I’ve never collected the seeds, but I adore amaranth as a green. My partner was introduced to it in Tanzania years ago. There it was called red root and sauteed in a dish called Sukuma Weeki.
When the drought hit us last year, amaranth didn’t even notice. So this year I bought amaranth seeds to plant for a steady and convenient supply. As soon as my lettuce is done–any day now–I’m sowing amaranth in preparation for a dryer, hotter July and August. I can almost taste that late summer salad of amaranth and purslane, a heat-loving succulent high in omega-3 fatty acids. Most people pull both as a weed.
Greg, by the way, says weeds are a state of mind. Many of the things we consider noxious weeds were actually brought here because of their usefulness. Now they populate areas where the soil has been disturbed, working as “succession plants” that naturally build soil fertility.

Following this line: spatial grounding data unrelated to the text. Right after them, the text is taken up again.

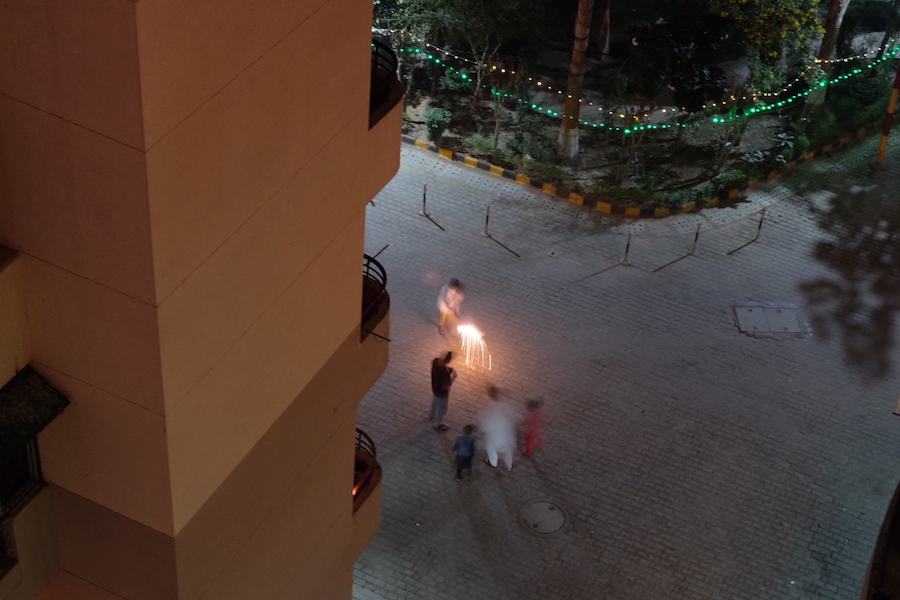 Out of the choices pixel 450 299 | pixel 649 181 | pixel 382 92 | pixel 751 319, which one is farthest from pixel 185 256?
pixel 649 181

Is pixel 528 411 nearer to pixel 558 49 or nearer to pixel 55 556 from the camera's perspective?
pixel 55 556

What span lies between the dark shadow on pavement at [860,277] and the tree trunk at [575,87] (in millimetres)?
5161

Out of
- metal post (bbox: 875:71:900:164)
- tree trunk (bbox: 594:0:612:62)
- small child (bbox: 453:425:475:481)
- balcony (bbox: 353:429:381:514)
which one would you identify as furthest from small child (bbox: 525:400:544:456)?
tree trunk (bbox: 594:0:612:62)

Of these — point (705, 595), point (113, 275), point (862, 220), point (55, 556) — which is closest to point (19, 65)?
point (113, 275)

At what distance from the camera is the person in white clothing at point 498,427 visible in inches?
693

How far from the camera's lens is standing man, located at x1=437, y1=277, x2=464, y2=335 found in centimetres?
1923

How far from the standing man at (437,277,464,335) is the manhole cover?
382 centimetres

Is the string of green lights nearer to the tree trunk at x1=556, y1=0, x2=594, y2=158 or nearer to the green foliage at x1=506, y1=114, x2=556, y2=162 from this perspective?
the tree trunk at x1=556, y1=0, x2=594, y2=158

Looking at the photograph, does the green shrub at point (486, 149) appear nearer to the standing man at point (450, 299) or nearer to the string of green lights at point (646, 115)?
the string of green lights at point (646, 115)

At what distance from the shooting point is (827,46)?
25.8m

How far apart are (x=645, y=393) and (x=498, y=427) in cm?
264

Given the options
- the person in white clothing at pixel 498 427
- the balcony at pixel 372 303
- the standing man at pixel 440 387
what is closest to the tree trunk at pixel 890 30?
the person in white clothing at pixel 498 427

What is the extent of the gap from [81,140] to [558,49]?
2272 centimetres

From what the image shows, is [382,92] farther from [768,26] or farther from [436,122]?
[768,26] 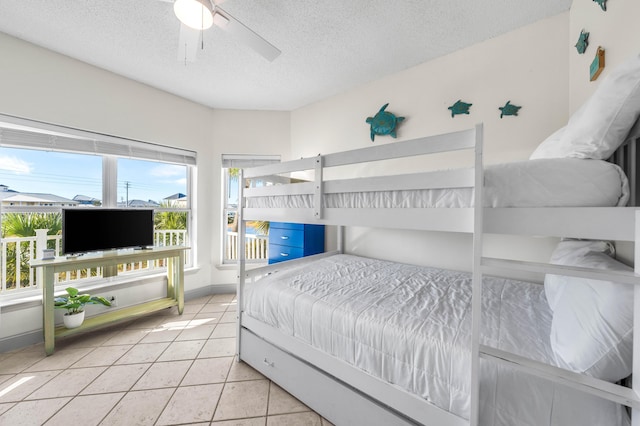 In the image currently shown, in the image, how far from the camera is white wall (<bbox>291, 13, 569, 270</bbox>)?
6.22 ft

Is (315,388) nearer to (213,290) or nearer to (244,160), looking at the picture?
(213,290)

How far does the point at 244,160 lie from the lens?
3.45 m

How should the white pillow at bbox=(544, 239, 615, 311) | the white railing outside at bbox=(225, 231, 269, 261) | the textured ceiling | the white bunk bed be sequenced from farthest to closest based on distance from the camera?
the white railing outside at bbox=(225, 231, 269, 261), the textured ceiling, the white pillow at bbox=(544, 239, 615, 311), the white bunk bed

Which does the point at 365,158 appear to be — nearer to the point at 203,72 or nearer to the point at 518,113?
the point at 518,113

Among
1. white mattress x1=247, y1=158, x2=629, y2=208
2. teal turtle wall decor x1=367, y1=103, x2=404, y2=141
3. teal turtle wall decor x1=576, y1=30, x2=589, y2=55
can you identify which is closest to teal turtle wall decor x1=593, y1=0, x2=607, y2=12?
teal turtle wall decor x1=576, y1=30, x2=589, y2=55

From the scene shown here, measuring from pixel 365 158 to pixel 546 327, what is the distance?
1.12m

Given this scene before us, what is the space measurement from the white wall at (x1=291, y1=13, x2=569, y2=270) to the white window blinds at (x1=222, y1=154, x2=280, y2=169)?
1.02 metres

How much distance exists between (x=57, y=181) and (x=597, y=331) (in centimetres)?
383

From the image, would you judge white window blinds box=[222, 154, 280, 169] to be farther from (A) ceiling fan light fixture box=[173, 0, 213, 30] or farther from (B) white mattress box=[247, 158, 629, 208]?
(B) white mattress box=[247, 158, 629, 208]

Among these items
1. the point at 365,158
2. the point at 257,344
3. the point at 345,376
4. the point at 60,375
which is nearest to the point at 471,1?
the point at 365,158

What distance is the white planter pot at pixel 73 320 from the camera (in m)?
2.15

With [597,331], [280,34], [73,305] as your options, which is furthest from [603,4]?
[73,305]

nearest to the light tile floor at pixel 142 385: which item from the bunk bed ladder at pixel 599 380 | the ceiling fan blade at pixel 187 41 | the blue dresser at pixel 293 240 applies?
the blue dresser at pixel 293 240

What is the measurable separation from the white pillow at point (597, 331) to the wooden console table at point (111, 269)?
3082 mm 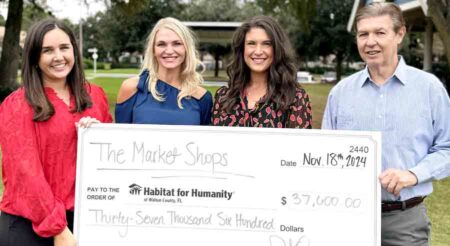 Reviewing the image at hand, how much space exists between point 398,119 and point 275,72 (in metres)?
0.83

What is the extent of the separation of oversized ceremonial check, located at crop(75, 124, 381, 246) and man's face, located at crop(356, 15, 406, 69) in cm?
42

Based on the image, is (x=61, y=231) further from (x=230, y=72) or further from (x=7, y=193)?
(x=230, y=72)

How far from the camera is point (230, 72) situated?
3.72 metres

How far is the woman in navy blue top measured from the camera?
3.74 meters

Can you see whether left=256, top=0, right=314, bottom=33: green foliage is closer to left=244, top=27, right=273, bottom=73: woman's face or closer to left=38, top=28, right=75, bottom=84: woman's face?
left=244, top=27, right=273, bottom=73: woman's face

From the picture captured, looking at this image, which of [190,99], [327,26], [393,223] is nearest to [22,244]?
[190,99]

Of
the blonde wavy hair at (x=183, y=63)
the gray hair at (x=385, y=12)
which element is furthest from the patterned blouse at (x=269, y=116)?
the gray hair at (x=385, y=12)

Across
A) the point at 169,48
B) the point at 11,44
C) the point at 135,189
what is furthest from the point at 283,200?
the point at 11,44

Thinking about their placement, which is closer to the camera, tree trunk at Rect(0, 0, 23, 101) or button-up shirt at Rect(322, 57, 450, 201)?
button-up shirt at Rect(322, 57, 450, 201)

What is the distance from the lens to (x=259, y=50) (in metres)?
3.55

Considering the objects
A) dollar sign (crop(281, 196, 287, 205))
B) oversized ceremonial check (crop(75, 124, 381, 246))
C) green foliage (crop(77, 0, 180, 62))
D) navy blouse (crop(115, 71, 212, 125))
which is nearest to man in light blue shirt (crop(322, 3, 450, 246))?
oversized ceremonial check (crop(75, 124, 381, 246))

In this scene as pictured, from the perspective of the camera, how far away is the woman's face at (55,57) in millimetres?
3037

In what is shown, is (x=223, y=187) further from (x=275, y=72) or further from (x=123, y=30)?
(x=123, y=30)

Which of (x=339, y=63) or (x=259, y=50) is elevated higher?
(x=339, y=63)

Here’s knotweed, for example, also known as smartweed. I remember seeing this pretty little bloom in my dad’s raspberry patch and wondering what it was. I learned today that it is in the buckwheat family. Its leaves and seeds are edible and loaded with resveratrol, a potent antioxidant.
And did you know that you can harvest the seeds of the ubiquitous clover and save them in a jar, for indoor sprouting at some later, leaner date? It’s mind-boggling to realize there is free food all around us, even in the city, that could potentially nourish us in good times and bad.
I’ve learned so much from Greg, starting when I interviewed him for an Edible Indy story on gathering wild foods. Though I’m not nearly as experienced as he is, next Friday, July 5, I’ll have a table on foraging at FoodCon IV, a fabulous event that attracts a thousand or more people every year. I’m beyond excited to be part of it.